Top enlisted leader addresses top issues facing Airmen
By Staff Sgt. Stacia Zachary , 96th Air Base Wing Public Affairs
/ Published April 01, 2010
EGLIN AIR FORCE BASE, Fla. (AFNS) -- The top enlisted Airman addressed some of the top issues facing Airmen during a visit here March 17 and 18.
The role battlefield Airmen play in deployed operations is an area of focus because it ties into one of the Air Force's priorities, said Chief Master Sgt. of the Air Force James A. Roy.
"I am absolutely impressed with the missions our Airmen are doing," the chief said. "Their ability to do multiple missions ranging from inside the wire, at the wire and outside the wire is phenomenal. Our (joint expeditionary tasked) Airmen are doing amazing things and are very excited about the role they are serving. From how well they are trained to how they are employed, they are exceptional in the roles they're filling."
Appropriate combat training is essential to preparing battlefield Airmen.
"We are constantly looking at the training our Airmen receive and improving or adding to that knowledge," Chief Roy said. "Through conversations with these Airmen, we've been able to address their concerns and help prepare them in the best possible manner."

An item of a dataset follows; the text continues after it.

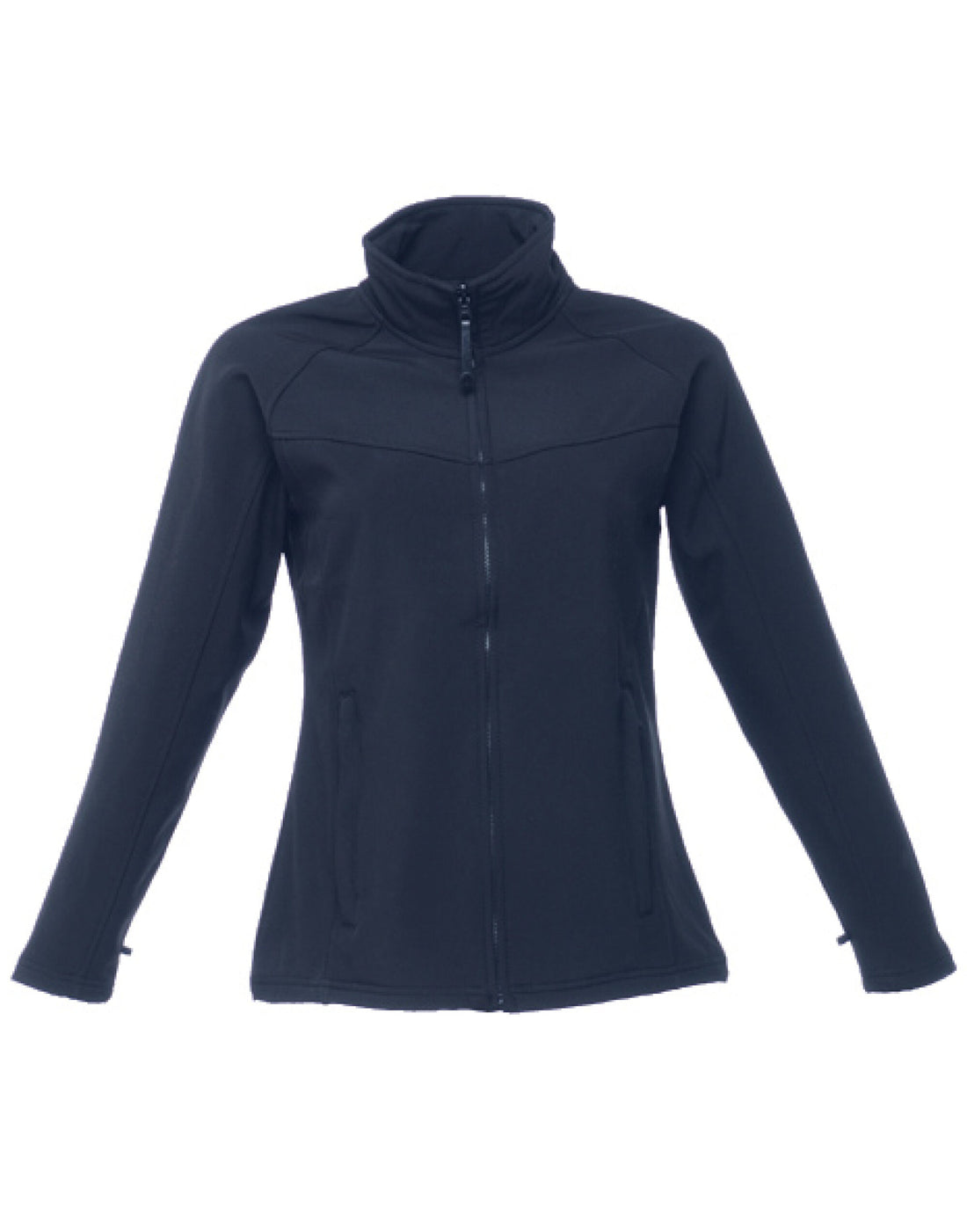 Regatta Professional Regatta Womens Uproar Softshell TRA645 - Navy Navy - Customisable Jackets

Another area the chief is focused on is physical fitness. He said physical fitness isn't just a goal anymore for today's Airmen; it's a requirement. He added being physically fit allows Airmen to be employed by combatant commanders.
"(Fitness) is essential," he said. "We are in combat every single day, and it's a proven fact that you perform better when you are in shape. Being in shape helps a person deal with the stresses of deployed life and daily routines."
A long-range benefit of the improved physical training program is creating a healthier, more sustainable service, he said.
"Not only does it help cut healthcare costs, but also it prolongs a healthy lifestyle and sets the foundation for a better quality life in the future," Chief Roy said.
Another hot topic the chief is focused on is family. In accordance with the Year of the Air Force Family initiative, the chief hopes to bring more awareness to the needs of families and the struggles they face when someone deploys.
"Programs like the Key Spouse program are so important because they help prepare families for anything and sets them up for success," he said. "(These programs) highlight the unique challenges they face and restore a sense of community, and ... they help families settle back in when they come home."
Another just as important group that shouldn't be overlooked in the Air Force family is the single Airman.
"It's important we don't forget our single Airmen," Chief Roy said. "I don't mean just the young Airmen in the dorms, either. Every one of our Airmen needs to have a support system, and we need to do a better job of taking care of each other."
Chief Roy also touched on the importance of managing the force and alleviating as much strain as possible on overstressed, undermanned career fields.
"We need to continue to review the (operations) tempo of these Airmen," he said. "One way to retain Airmen in critical career fields is to offer re-enlistment bonuses. Another is to develop a way to put more (people) in areas that need more manning, such as contracting."
One of Chief Roy's goals is to remedy personnel shortages by retaining the young Airmen of today to help mold tomorrow's Air Force.
"We need to find a way to keep these Airmen because their unique combat experiences will help shape the future of the Air Force," he said. "They will have something many of our senior leadership don't have: combat experience. This knowledge will change the way we do things as a service."
The knowledge combat-experienced Airmen have plays directly in line with leaderships' emphasis on increased training and educational opportunities, he added. Airmen are being encouraged to spend more time on professional military education as well as technical and off-duty education.
"We have some of the best professional education opportunities," he said. "We need to continue to make those opportunities available to our people to create more well-rounded Airmen."
For Eglin Air Force Base, in particular, the opportunities to broaden one's perspective on a joint and coalition level are unparalleled.
"We need to start participating in joint training, ranging from deployment training to PME," the 27-year veteran said. "The (F-35 Lightning II joint strike fighter mission) will provide Airmen the unique opportunity to build strong relationships with our joint and coalition partners."
After seeing all aspects of the mission here, Chief Roy left with a better sense of what Eglin AFB officials bring to the fight.
"The scope of the multiple mission sets here is so large it affects every aspect of our military in joint and coalition environments," said the 16th chief master sergeant of the Air Force. "Eglin has a direct impact on all phases of military planning from testing weapons that will aid the warfighter on a strategic level to the tactical element on how well (Eglin) prepares for deployment."